People cannot be Human, according to the line of reasoning that follows from Herder, Fichte, Darre and others, unless they have a community to be one of, like images that cannot exist in a mirror without something to reflect. And to be legitimate and authentic as a group one must be in a place, legitimately rather than contingently. To be of a place means to be from the place of ones blood group wherefrom the soil emanates spirit or something. It's more or less beyond me. What I do know is that some people believe deeply in the idea that there is a special place for special people, and that if one removes them from that place they cannot live as authentic people any longer. Look for example at the Palestinians, exiled from the land they have lived in forever, now expelled by the Zionist (whatever the cliche of the day is today.) Whatever this crap is about, some of our own fellow Western and modernist citizens are right into it, so much so that they go nuts raging about Israelis, become cheerleaders for terrorists, and ht the West with more passion than they love their children, as one might gather from the story of the demise of Rachel Corrie.

When we look at our views from the distance of a hundred years ago we might get a sense of perspective that allows us to have an honest and conscious understanding of some of our assumptions today. That would preclude our Presbyterian synod readers, of course. For the rest of us we can see that Nietzsche's idiot sister and her great idea played out just about the way one would expect, and that what we see today in the Western Left dhimmi fascist's "discourse" is more of the same only different but not much.

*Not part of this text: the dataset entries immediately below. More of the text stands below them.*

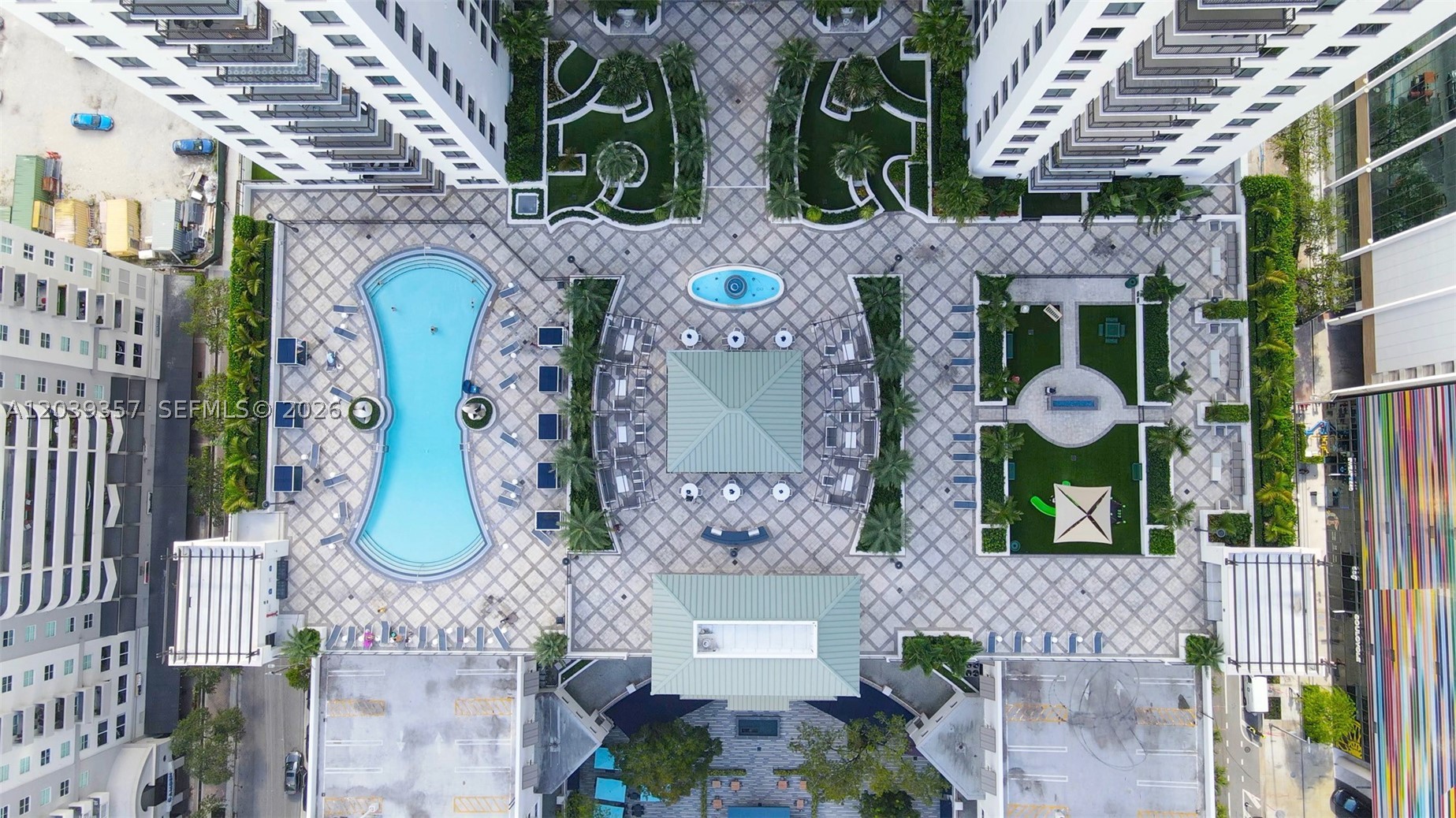 NINE MARY BRICKELL - Residential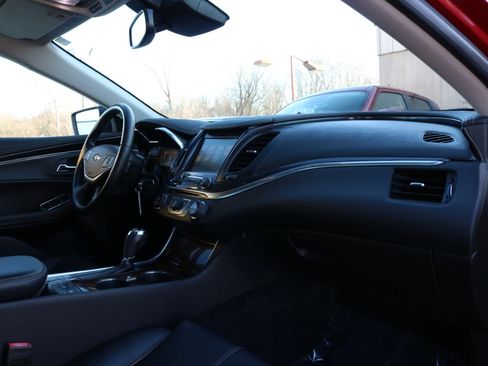 Used 2015 Chevrolet Impala LT w/ Convenience Package image 41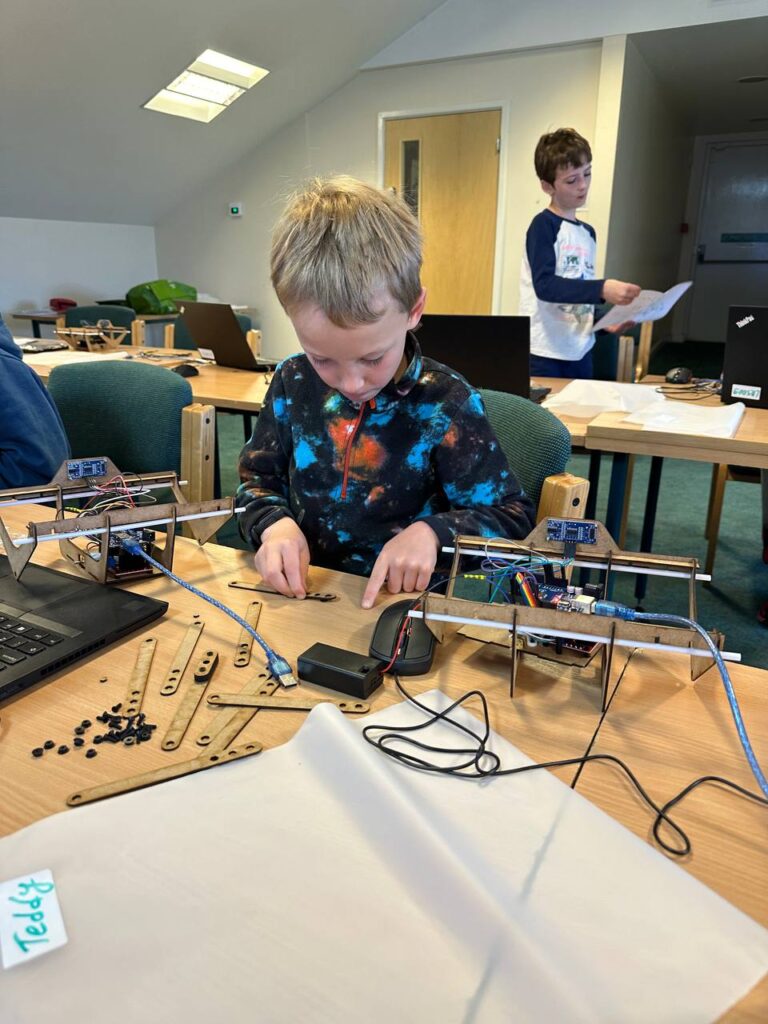 May ECO Robotics Camp с 12-16 photo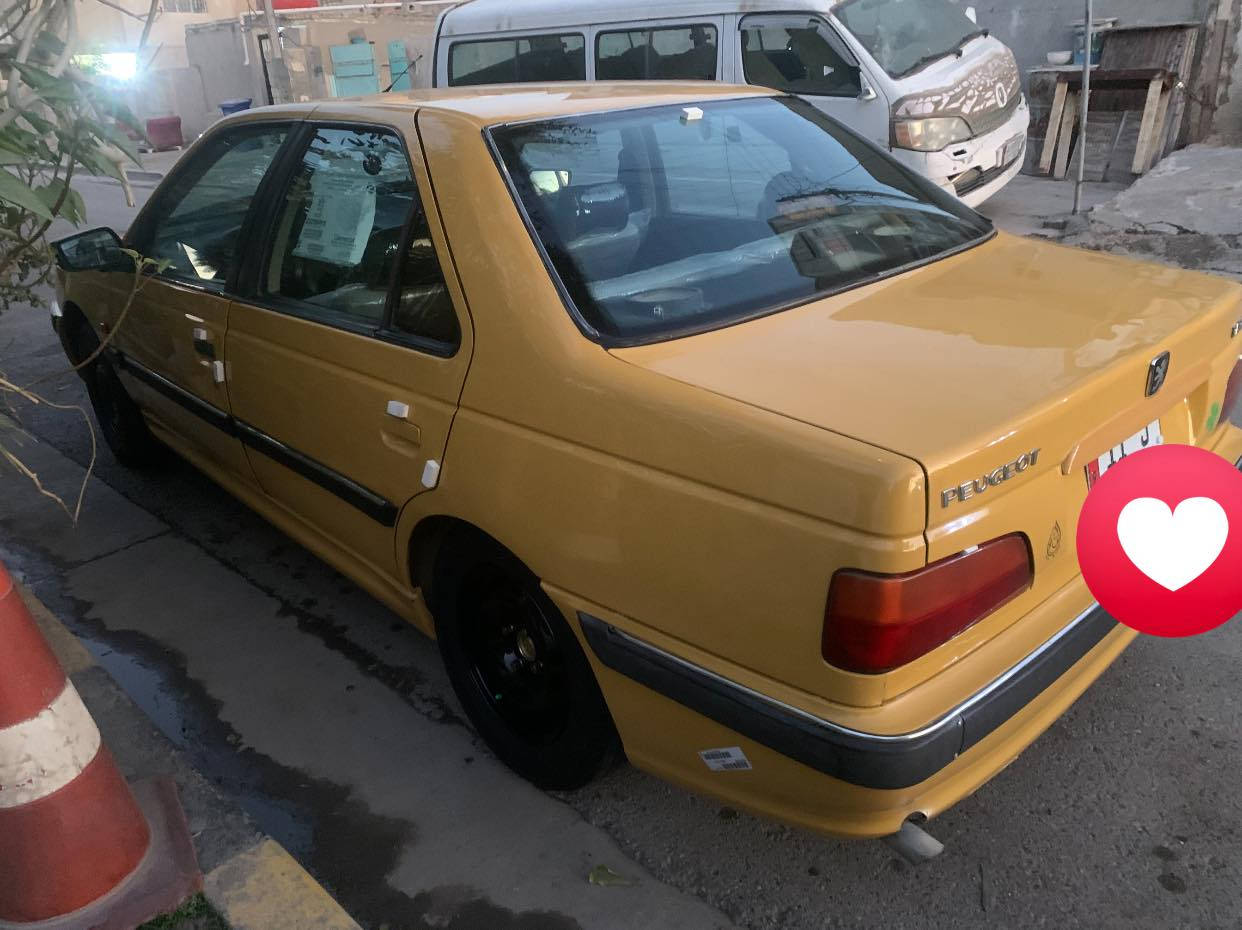 سلام وعليكم بارص15 كير مكينه خير من الله  تخم تايرجديد صدر امامي خلفي جديد تبريد شغال تتفئه شغاله غرفه جديدة مدوشمه عام سيارة جاهزة وكامله اي نقص مابيه بدون ضربه فقط جاملغ امامي بلادي مبدل وهلال معمر بدون خياسات  تحويل ثاني يوم سنويه بسمي وهزة جديدة سعر 46 وبيها مجال بسيط 
الاستفسار ع رقم ***********
العنوان بغداد البياع
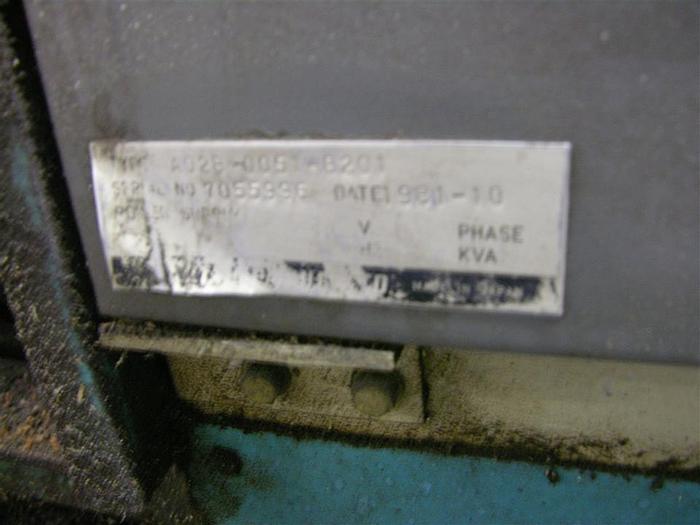 Used 1981 Mazak Powercenter V10N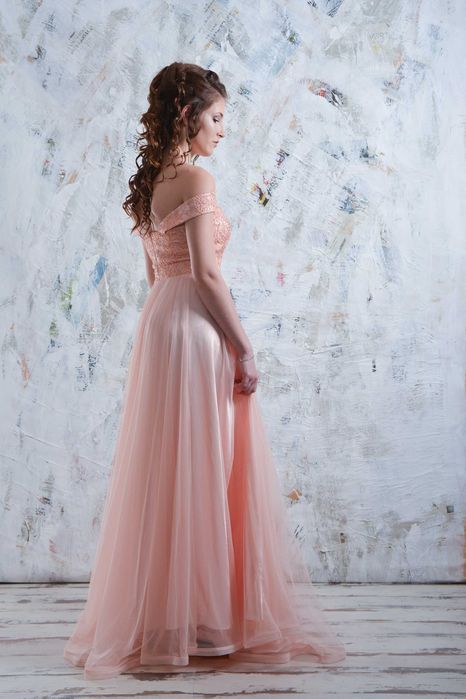 Бална рокля размер М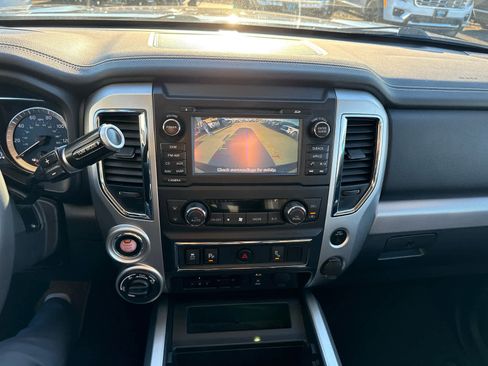 Used 2017 Nissan Titan PRO-4X image 20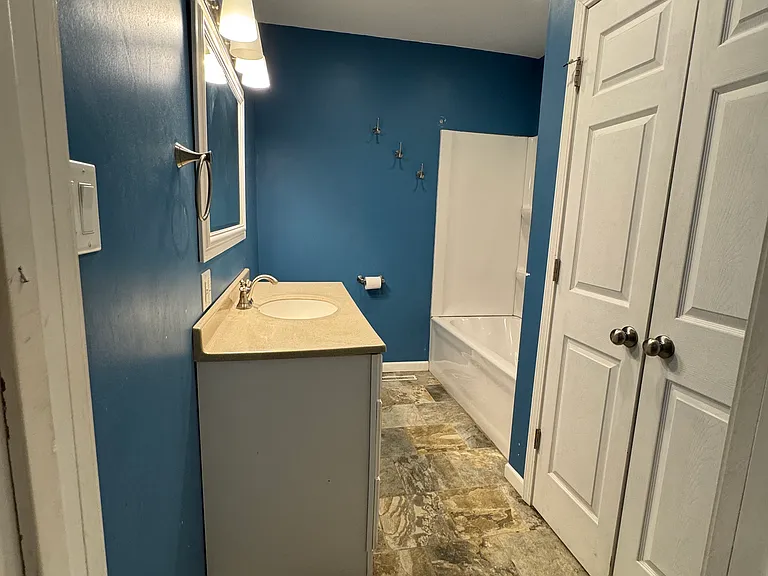 535 N Pebble St — Photo 3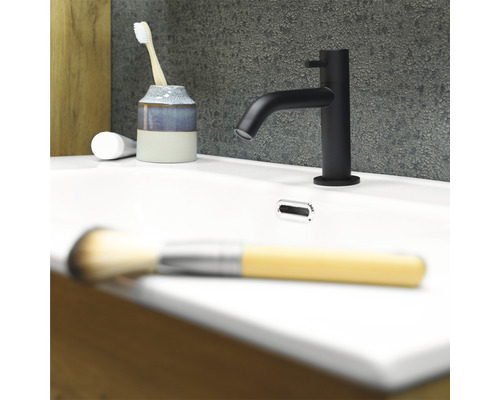 Badezimmer Waschbecken mit Armatur, Zahnbürste, Becher und Kosmetikpinsel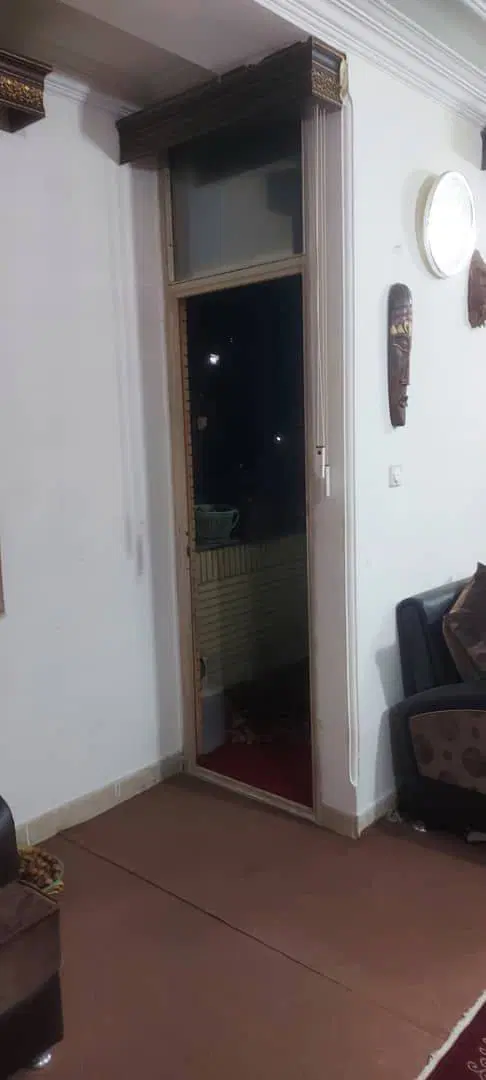 آپارتمان 98متری جمهوری مجتمع آذر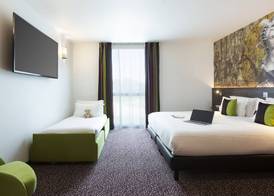 Hôtel Roi Soleil Prestige Plaisir - St Quentin 4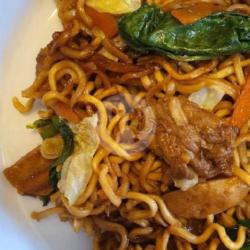 Mie Goreng Sapi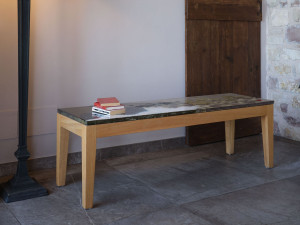 Лавовая скамья из фаянса и дуба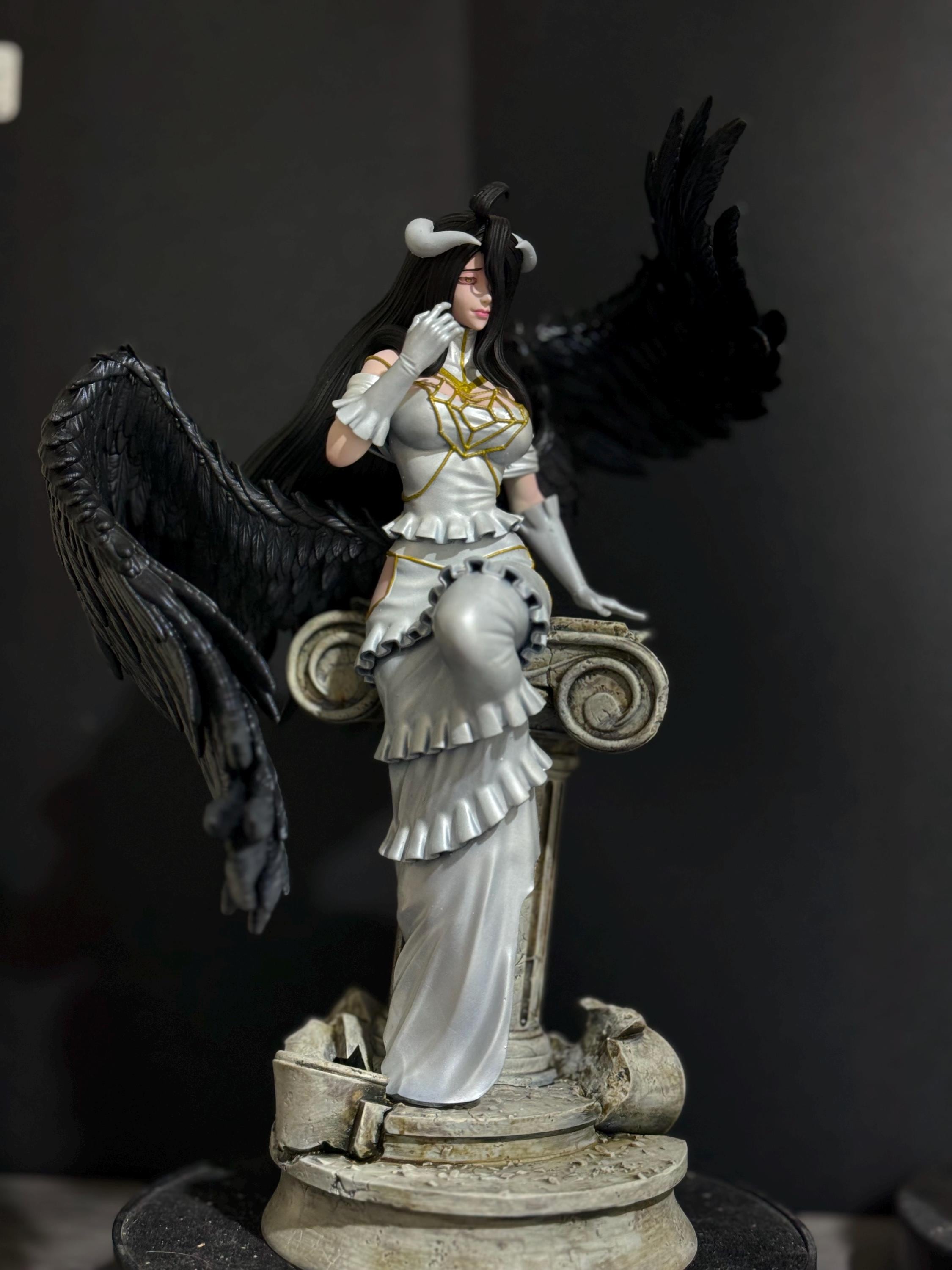 Elegant White Sorceress | Hand-Painted Collectible Statue | 1/6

Third World Peoples! Back to Nature! In Harmony with the Spirit of Life! The round-up of usual suspects will do. The more we see of the past fascists the more we see the same rehash today. What we see today is the same tired fascism of yesteryear. We assume it's all new and interesting but a look will show it's no different today. first some snippets of proto-Nazi wonderland followed by a look at ecofascism as it is now and then.

Ben MacIntyre writes about Nietzsche's sister and the colony of pure-breds she and her husband founded in Paraguay. Below are three excerpts from reviews that give the basics of what came of it.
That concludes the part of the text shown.